Assignment ->
Retype the full set of records. Keep every character identical.

(Extracted records Opens)

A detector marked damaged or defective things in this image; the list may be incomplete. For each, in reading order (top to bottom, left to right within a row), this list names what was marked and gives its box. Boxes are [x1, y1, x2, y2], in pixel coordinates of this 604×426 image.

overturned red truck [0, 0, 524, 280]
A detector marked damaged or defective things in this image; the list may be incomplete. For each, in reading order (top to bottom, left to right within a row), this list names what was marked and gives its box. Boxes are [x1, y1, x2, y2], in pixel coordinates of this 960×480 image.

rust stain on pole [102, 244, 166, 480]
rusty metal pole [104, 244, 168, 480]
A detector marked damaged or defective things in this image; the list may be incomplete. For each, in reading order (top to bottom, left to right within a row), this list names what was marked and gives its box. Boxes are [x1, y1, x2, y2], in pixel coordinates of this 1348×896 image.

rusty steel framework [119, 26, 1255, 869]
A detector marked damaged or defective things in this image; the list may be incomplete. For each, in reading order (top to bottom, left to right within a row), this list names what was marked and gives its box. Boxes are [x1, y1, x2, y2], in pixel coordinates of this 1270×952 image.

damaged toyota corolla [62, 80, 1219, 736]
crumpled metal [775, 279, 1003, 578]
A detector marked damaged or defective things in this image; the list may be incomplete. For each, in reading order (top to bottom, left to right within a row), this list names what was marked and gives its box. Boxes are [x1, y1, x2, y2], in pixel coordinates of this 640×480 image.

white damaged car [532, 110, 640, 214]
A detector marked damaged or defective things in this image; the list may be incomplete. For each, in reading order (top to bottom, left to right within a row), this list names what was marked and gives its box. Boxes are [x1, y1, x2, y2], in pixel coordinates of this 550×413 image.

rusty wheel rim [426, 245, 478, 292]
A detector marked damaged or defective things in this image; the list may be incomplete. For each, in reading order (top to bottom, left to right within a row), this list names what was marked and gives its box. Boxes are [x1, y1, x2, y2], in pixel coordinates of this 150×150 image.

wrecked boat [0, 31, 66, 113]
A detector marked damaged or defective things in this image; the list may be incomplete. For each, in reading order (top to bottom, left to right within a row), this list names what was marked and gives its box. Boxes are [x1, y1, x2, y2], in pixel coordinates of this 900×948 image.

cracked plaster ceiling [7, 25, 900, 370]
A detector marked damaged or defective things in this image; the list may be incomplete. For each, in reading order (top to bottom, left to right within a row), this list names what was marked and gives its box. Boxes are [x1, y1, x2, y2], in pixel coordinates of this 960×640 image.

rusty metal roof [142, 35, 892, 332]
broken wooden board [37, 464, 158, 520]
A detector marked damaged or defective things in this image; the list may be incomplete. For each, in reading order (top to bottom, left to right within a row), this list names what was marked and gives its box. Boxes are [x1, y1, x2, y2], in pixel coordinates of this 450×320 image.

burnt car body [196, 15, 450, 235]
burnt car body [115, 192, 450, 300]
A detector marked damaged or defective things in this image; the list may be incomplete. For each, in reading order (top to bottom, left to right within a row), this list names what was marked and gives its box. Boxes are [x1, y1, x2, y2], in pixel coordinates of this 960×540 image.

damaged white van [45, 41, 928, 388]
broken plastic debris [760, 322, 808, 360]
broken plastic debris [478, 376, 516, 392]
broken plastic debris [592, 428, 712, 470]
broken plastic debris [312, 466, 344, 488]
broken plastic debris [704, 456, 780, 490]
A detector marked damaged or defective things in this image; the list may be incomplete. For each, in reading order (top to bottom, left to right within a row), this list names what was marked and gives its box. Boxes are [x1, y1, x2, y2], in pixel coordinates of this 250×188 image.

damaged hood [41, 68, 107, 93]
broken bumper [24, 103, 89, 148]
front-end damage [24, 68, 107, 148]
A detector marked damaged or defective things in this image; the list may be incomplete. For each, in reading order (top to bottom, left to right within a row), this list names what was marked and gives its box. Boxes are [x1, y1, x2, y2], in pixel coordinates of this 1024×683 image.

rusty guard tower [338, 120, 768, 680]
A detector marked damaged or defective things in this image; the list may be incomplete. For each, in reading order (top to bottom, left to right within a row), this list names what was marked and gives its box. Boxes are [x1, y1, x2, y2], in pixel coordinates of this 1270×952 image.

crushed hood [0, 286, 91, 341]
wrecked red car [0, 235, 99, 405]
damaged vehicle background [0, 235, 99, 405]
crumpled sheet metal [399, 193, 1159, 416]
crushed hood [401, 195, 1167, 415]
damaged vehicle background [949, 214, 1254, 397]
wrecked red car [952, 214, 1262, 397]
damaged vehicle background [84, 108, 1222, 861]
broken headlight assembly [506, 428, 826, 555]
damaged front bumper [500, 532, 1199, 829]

(Extracted records Closes)

Answer area ->
A detector marked damaged or defective things in this image; the list may be incomplete. For each, in reading order (top to bottom, left to right within a row), this list names what was marked and gives its box. Boxes are [x1, y1, x2, y2], in pixel coordinates of this 604×426 image.

overturned red truck [0, 0, 524, 280]
A detector marked damaged or defective things in this image; the list may be incomplete. For each, in reading order (top to bottom, left to right within a row), this list names what was marked and gives its box. Boxes are [x1, y1, x2, y2], in pixel coordinates of this 960×480 image.

rust stain on pole [102, 244, 166, 480]
rusty metal pole [104, 244, 168, 480]
A detector marked damaged or defective things in this image; the list may be incomplete. For each, in reading order (top to bottom, left to right within a row), this list names what was marked and gives its box. Boxes are [x1, y1, x2, y2], in pixel coordinates of this 1348×896 image.

rusty steel framework [119, 26, 1255, 869]
A detector marked damaged or defective things in this image; the list may be incomplete. For each, in reading order (top to bottom, left to right within a row), this list names what was marked and gives its box. Boxes are [x1, y1, x2, y2], in pixel coordinates of this 1270×952 image.

damaged toyota corolla [62, 80, 1219, 736]
crumpled metal [775, 279, 1003, 578]
A detector marked damaged or defective things in this image; the list may be incomplete. For each, in reading order (top to bottom, left to right within a row), this list names what was marked and gives its box. Boxes are [x1, y1, x2, y2], in pixel coordinates of this 640×480 image.

white damaged car [532, 110, 640, 214]
A detector marked damaged or defective things in this image; the list may be incomplete. For each, in reading order (top to bottom, left to right within a row), this list names what was marked and gives its box. Boxes are [x1, y1, x2, y2], in pixel coordinates of this 550×413 image.

rusty wheel rim [426, 245, 478, 292]
A detector marked damaged or defective things in this image; the list may be incomplete. For each, in reading order (top to bottom, left to right within a row), this list names what was marked and gives its box. Boxes are [x1, y1, x2, y2], in pixel coordinates of this 150×150 image.

wrecked boat [0, 31, 66, 113]
A detector marked damaged or defective things in this image; the list may be incomplete. For each, in reading order (top to bottom, left to right within a row), this list names what was marked and gives its box. Boxes are [x1, y1, x2, y2], in pixel coordinates of this 900×948 image.

cracked plaster ceiling [7, 25, 900, 370]
A detector marked damaged or defective things in this image; the list may be incomplete. For each, in reading order (top to bottom, left to right within a row), this list names what was marked and gives its box. Boxes are [x1, y1, x2, y2], in pixel coordinates of this 960×640 image.

rusty metal roof [142, 35, 892, 332]
broken wooden board [37, 464, 158, 520]
A detector marked damaged or defective things in this image; the list may be incomplete. For each, in reading order (top to bottom, left to right within a row), this list names what was marked and gives its box. Boxes are [x1, y1, x2, y2], in pixel coordinates of this 450×320 image.

burnt car body [196, 15, 450, 235]
burnt car body [115, 192, 450, 300]
A detector marked damaged or defective things in this image; the list may be incomplete. For each, in reading order (top to bottom, left to right within a row), this list names what was marked and gives its box. Boxes are [x1, y1, x2, y2], in pixel coordinates of this 960×540 image.

damaged white van [45, 41, 928, 388]
broken plastic debris [760, 322, 808, 360]
broken plastic debris [478, 376, 516, 392]
broken plastic debris [592, 428, 712, 470]
broken plastic debris [312, 466, 344, 488]
broken plastic debris [704, 456, 780, 490]
A detector marked damaged or defective things in this image; the list may be incomplete. For each, in reading order (top to bottom, left to right within a row), this list names what was marked and gives its box. Boxes are [x1, y1, x2, y2], in pixel coordinates of this 250×188 image.

damaged hood [41, 68, 107, 93]
broken bumper [24, 103, 89, 148]
front-end damage [24, 68, 107, 148]
A detector marked damaged or defective things in this image; the list may be incomplete. For each, in reading order (top to bottom, left to right within a row), this list names what was marked and gives its box. Boxes are [x1, y1, x2, y2], in pixel coordinates of this 1024×683 image.

rusty guard tower [338, 120, 768, 680]
A detector marked damaged or defective things in this image; the list may be incomplete. For each, in reading order (top to bottom, left to right within a row), this list names what was marked and gives its box. Boxes are [x1, y1, x2, y2], in pixel coordinates of this 1270×952 image.

crushed hood [0, 286, 91, 341]
wrecked red car [0, 235, 99, 405]
damaged vehicle background [0, 235, 99, 405]
crumpled sheet metal [399, 193, 1159, 416]
crushed hood [401, 195, 1167, 415]
damaged vehicle background [949, 214, 1254, 397]
wrecked red car [952, 214, 1262, 397]
damaged vehicle background [84, 108, 1222, 861]
broken headlight assembly [506, 428, 826, 555]
damaged front bumper [500, 532, 1199, 829]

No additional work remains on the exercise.